Given material:
━━━━━━━━━━━━━━━━━━━━

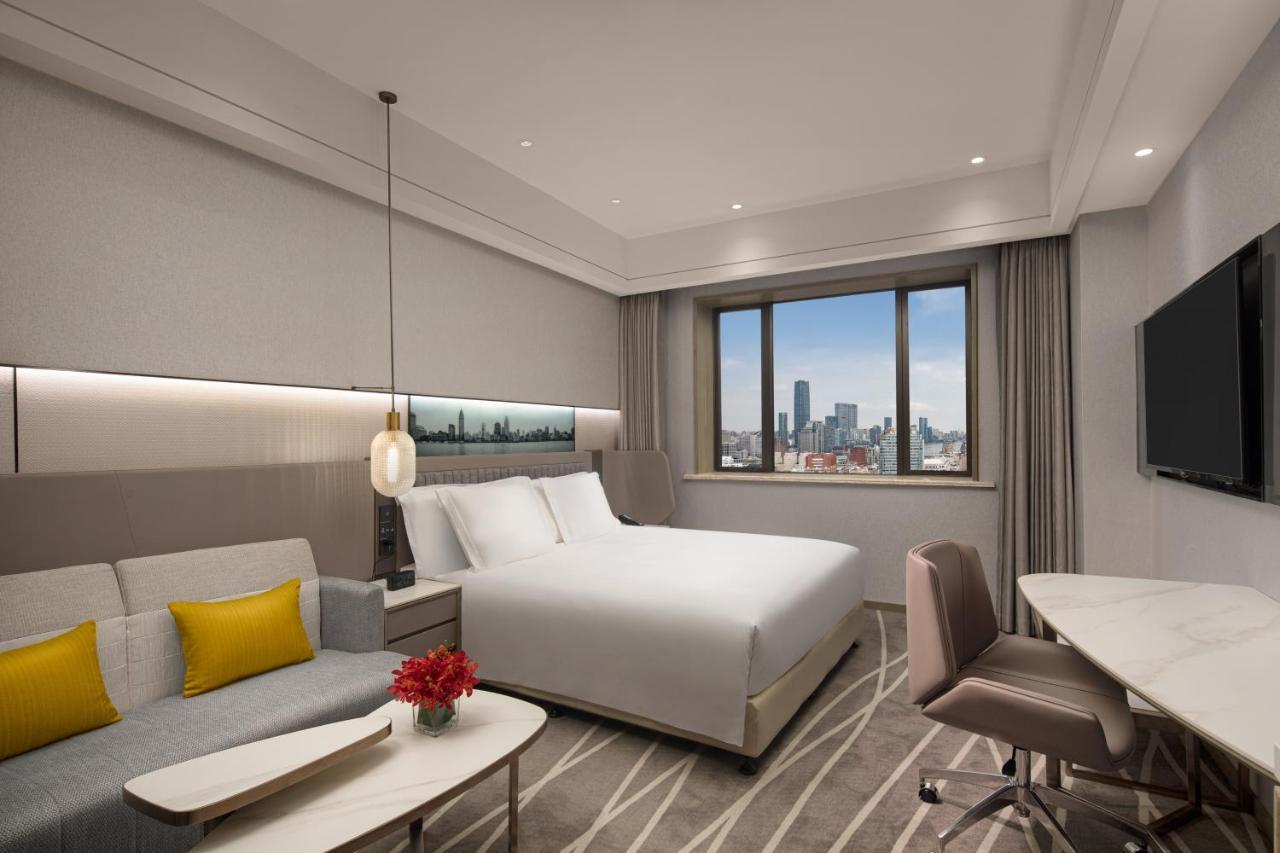 Crowne Plaza Shanghai Nanjing Road By Ihg Luaran gambar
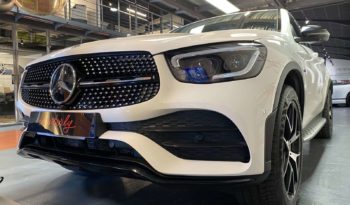 MERCEDES BENZ GLC COUPE 300 DE AMG LINE – 4 MATIC – 9G TRONIC – 306CH plein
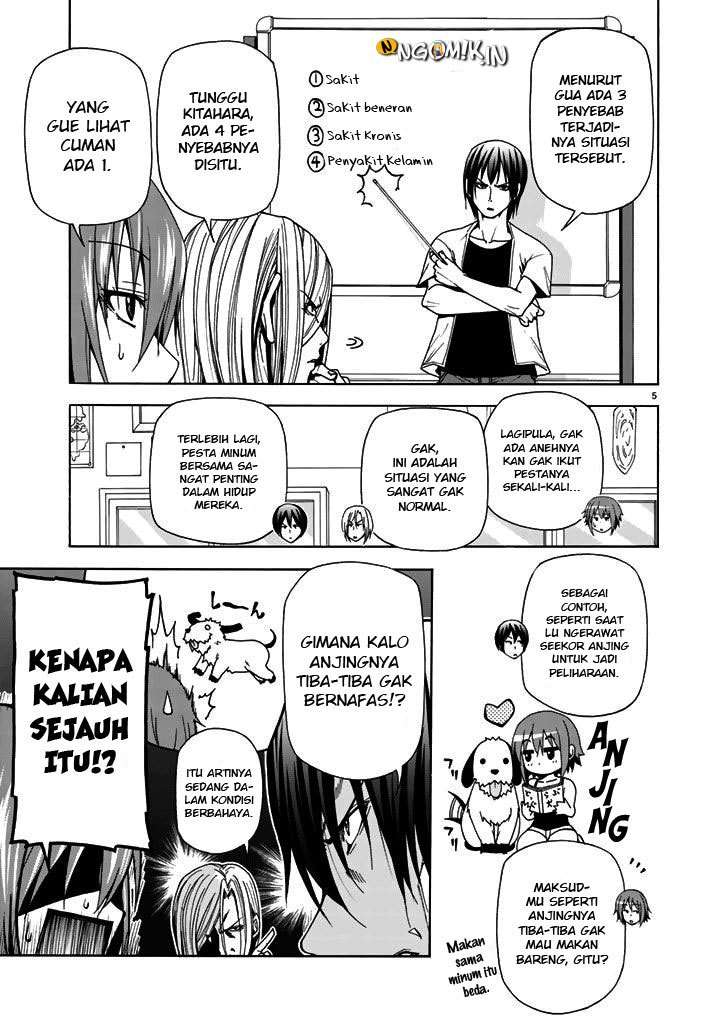 Grand Blue Chapter 40 Image 5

━━━━━━━━━━━━━━━━━━━━

What you will do: Leave out the pictures, and write out exactly the lines from the one containing "MERCEDES BENZ GLC" through the last line of the listing, both included.

Task output:
 MERCEDES BENZ GLC COUPE 300 DE AMG LINE – 4 MATIC – 9G TRONIC – 306CH plein
 Grand Blue Chapter 40 Image 5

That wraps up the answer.